This Circuit has considered before the interplay of the government’s duty to warn and the pilot’s duty to fly his aircraft safely. In Hartz v. United States, supra, a wing tip vortex case, we held that the government had a superior duty to warn because of both the controller’s better physical position for observation and his experience in judging the extent of peril to small planes taking off in the turbulent wake of larger planes. In United States v. Sehultetus, supra, a student pilot was making a simulated instrument landing while his vision was intentionally blocked but his instructor’s vision remained unobscured. The attempted landing was unsuccessful. The student pilot pulled up and during his ascent collided with another plane in good visibility conditions. The government’s alleged duty to warn of the presence of the other plane was held an insufficient basis for liability in view of the superior duty upon the pilot to control his own airplane in such a way as to avoid visible hazards when flying VFR. The case before us falls within Hartz. A hotly contested issue below was whether Bintliff, in talking with the Longview operator before he reached the Waco area, had received weather information which revealed bad weather over substantial areas ahead. We are not clear as to the District Court’s conclusions on this disputed question. But, assuming that the pilot did receive the information, the possession of it would not excuse a subsequent breach of duty by the Waco controller possessed of greater experience, superior observation facilities, and localized information, as the pilot approached closer to the area of possible bad weather and requested localized and more current information. In Sehultetus the hazard was visible to those in the plane. Bintliff was asking about weather in an area ahead that he had not reached. The government contends that, even if the Waco controller failed to fully convey the danger of what was reported to him by the Austin controller, Waco’s report to the pilot nevertheless was sufficient to portray a situation of danger. This argument is disposed of by the District Court’s findings, amply supported by evidence, that the relay of information was inexact, incomplete and in all probability misleading.

2. Proximate Cause

The District Court’s finding of proximate causation is not plainly erroneous.
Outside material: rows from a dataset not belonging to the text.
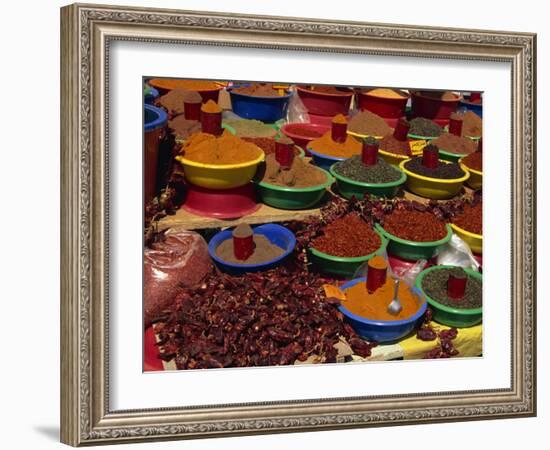 Spices on Sale in Market, Tunisia, North Africa, Africa-Lightfoot Jeremy-Framed Photographic Print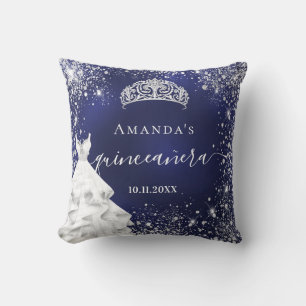 Quinceanera blue Silglitter tiara jurk Kussen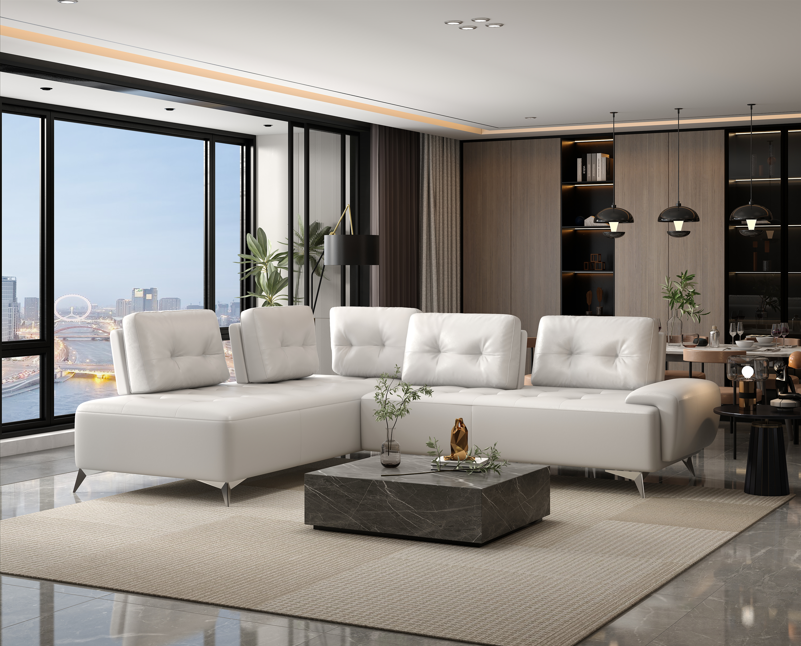 Turano Pearl Leather Sectional Sofa with Adjustable Back - Pearl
As discussed above, according to evidence which the court was entitled to accept, both the severity and location of the bad weather were misdescribed by Waco. Waco suggested to the pilot that if he was unable to get through on the proposed route he could return to Waco. As the plane came closer to Austin Bintliff talked with the controller there and was given a suggested route to follow to Austin which would require him to go east of Taylor to the area of Rockdale and then turn southwesterly toward Austin, a more easterly run “around left end” than the Waco controller had discussed. The evidence is contradictory as to whether this report too was erroneous *1078in failing to accurately portray the weather along the route suggested. This issue was not decided by the District Court. However, the court was entitled to infer that the pilot was unable to get through. He was approaching Austin, which he was seeking to reach. He was in an area of generalized bad weather, which was moving eastward as he sought to skirt it to the east. No other reason appears for his turning away from Austin and going further east than Rockdale to the College Station area. Within minutes after his last conversation with Austin the pilot was calling “in the blind” to any airport that might receive his call. None answered. A few minutes later he called, and reached, Easterwood Airport at College Station. That facility advised him that to get to Austin “you would be flying right down the length of the squall line or problem area.” Easterwood sought unsuccessfully to get the plane safely down at some other available, lighted field in the College Station area. A succession of difficulties followed, but finally all appeared to be surmounted except the weather itself. As the plane approached Easterwood to attempt to land, in a violent thunderstorm, it went down in the rough approach area off the end of the runway. None aboard survived. There is no evidence of mechanical failure.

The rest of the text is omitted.